Patricia Diaz Ruiz walks past the jewelry stands crowding the central plaza of Simojovel, a mountain town in Mexico’s southernmost state of Chiapas. She picks up pieces of amber, inspecting them with a loupe and a black light. “I like to see what makes it to the main market, just in case,” she says. “But I head to the mines every week. That’s where you find the best surprises.” Ruiz is the daughter of a fourth-generation amber miner. She sells the rarest pieces of the fossilized tree resin, such as red amber with bees, spiders, or flies trapped inside. The mines are less than a mile from the plaza, past rolling hills covered in corn, banana, and coffee plantations.
“I’ll agree to take you there on the condition that you understand the dangers involved,” Ruiz says of the mines. The walk cuts through flowering coffee fields that fill the air with a thick, sweet fragrance as the sound of traffic is replaced with the buzz of cicadas. Ruiz runs down a list of hazards: The mine’s tunnels are mazelike, prone to collapse, and filled with noxious gases. Some of the threats are human in nature. Ruiz says the trade is controlled by criminal organizations; a couple of years back, she cautions, a French amber dealer lost his ear to bandits.
The current trade is just the latest chapter in Simojovel’s long relationship with the fossilized resin, which is more than 22 million years old. Nearly 4,000 years ago, the ancient Maya pierced their noses and ears with it; later, it was paid as tribute by the Zinacatepec people of the area to the Aztec kings, up until the 15th century. Amber was not just prized as a jewel; it was also believed to possess magic healing and protective properties. In Simojovel, curanderos, local shamans, still claim to cure arthritis with amber and egg white potions, and use incense made from the material in their ceremonies.
Near the mine entrance, the lush fields give way to mounds of discarded rock. Children pick over the pieces and hammer away at the bigger chunks, in search of overlooked amber. A man emerges from the mind with a cart piled with more rock, which he tips onto one of the heaps. For a small fee, Gildardo, who refuses to give his last name, agrees to take us in. Guided only by a headlamp, he pushes his cart through more than a half-mile of winding tunnels, heading deeper into the darkness. The air is thick with humidity and smells of sulfur.
Gildardo retrieves his tools, a sledgehammer and a spike, which he’d hidden in a crevice. After a few minutes of hammering at the cave wall, he shines his light on a handful of small pieces of amber. At 38, he has been working in the mines for more than 20 years. He has lost friends to this place, and nearly died himself. “I was almost swallowed by the mine during the last rainy season,” he says. “I was sleeping inside when I dreamed that my home was collapsing. I woke up and rushed out right before the roof caved in.” The risk, he says, is worth it: The miners pay monthly rent to local families who own the land, and set their own schedules. A single great find can be worth up to $1,500, more than half a year’s salary for workers on the surrounding coffee plantations.

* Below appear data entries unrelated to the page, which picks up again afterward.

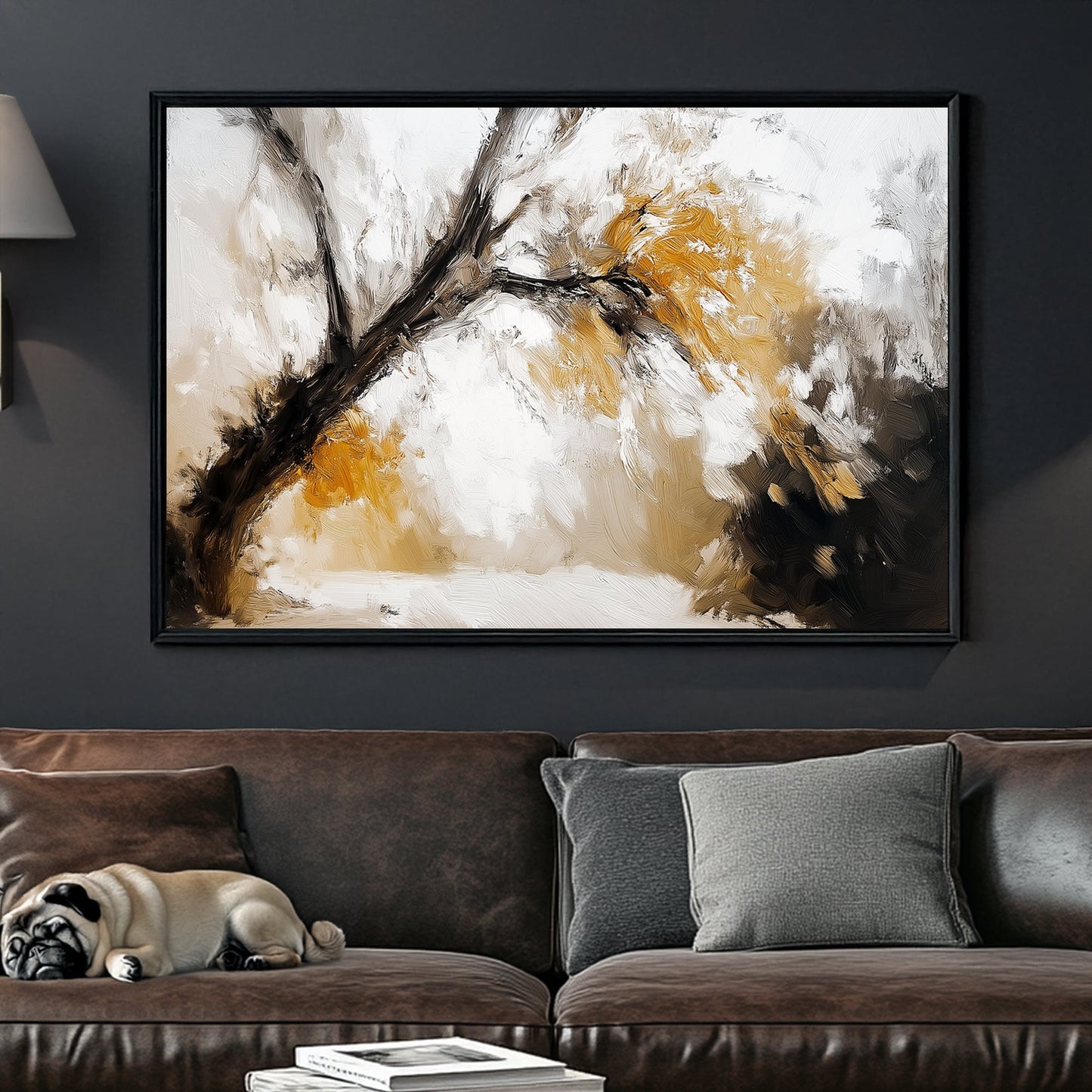 Impressionist-style wall art of a golden autumn tree with textured brushstrokes in warm earthy tones.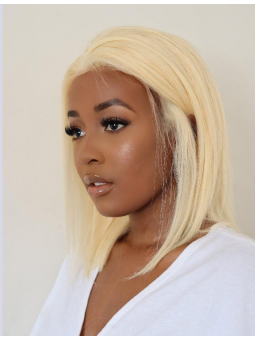 Lace Wigs Blonde | Coupe Carré Bob | Cheveux Naturels Remy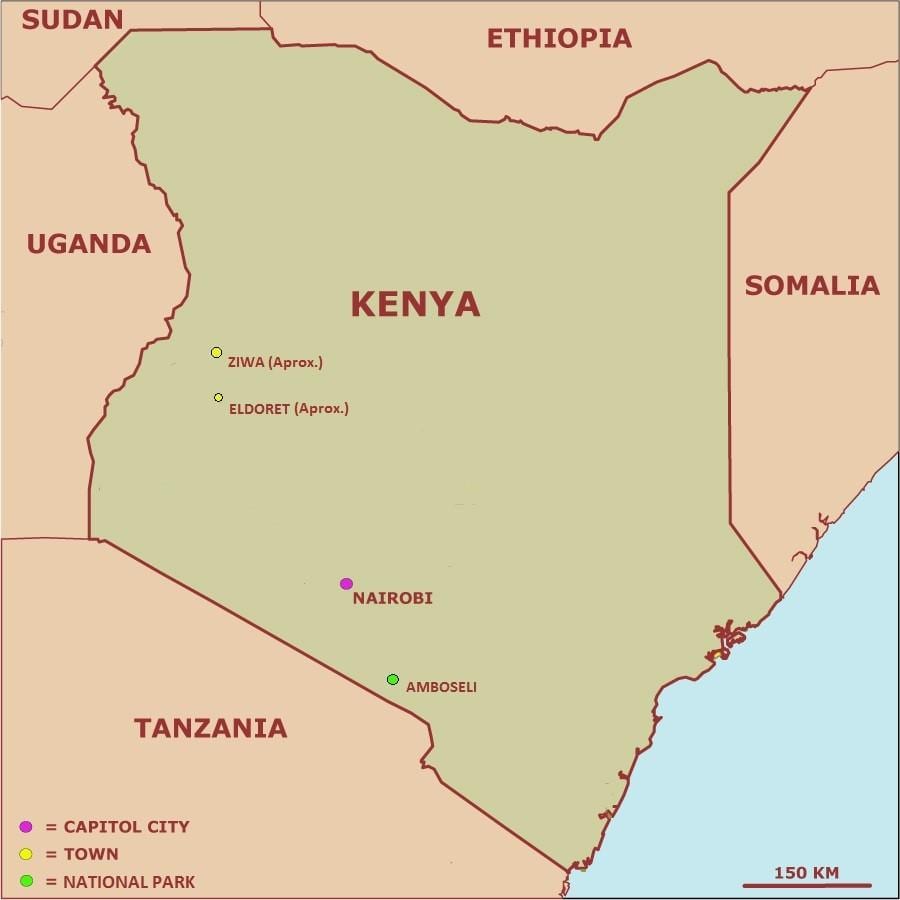 mapa sinple mapa Kenya
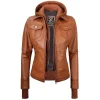 Tan Wax Leather Bomber Jacket Women with Detachable Hood by Jacket Field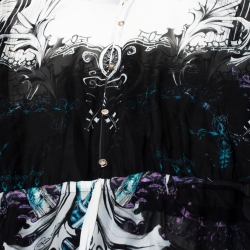 Pre Owned Roberto Cavalli Black & White Abstract Print Silk Maxi Dress M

Back above ground, Ruiz buys a sack of amber at a price per gram set by the miners. She’ll drop it off at a workshop in town where Ulise Rodriguez, a 23-year-old artisan, will cut the rocks, remove the outer layers, and polish them until they shimmer, honey-colored and translucent. “When the Chinese arrived in 2014, a fever took over the town,” Rodriguez says. “They were setting their own prices and everyone wanted to find a big piece.” Rodriguez and his younger brother, just 14 at the time, got wrapped up in the fervor. “The day my brother was hit by a loose rock that fell from the ceiling, I decided to quit and dedicate my time to crafting the amber instead,” he says. His brother was in a coma for two days and, says Rodriguez, with no hospitals nearby, had to be revived by a curandero. The Chinese amber dealers were eventually run out of town by gangs, Rodriguez says. The mining remains dangerous, but prices have stabilized, and miners are now more cautious about dealing with outsiders.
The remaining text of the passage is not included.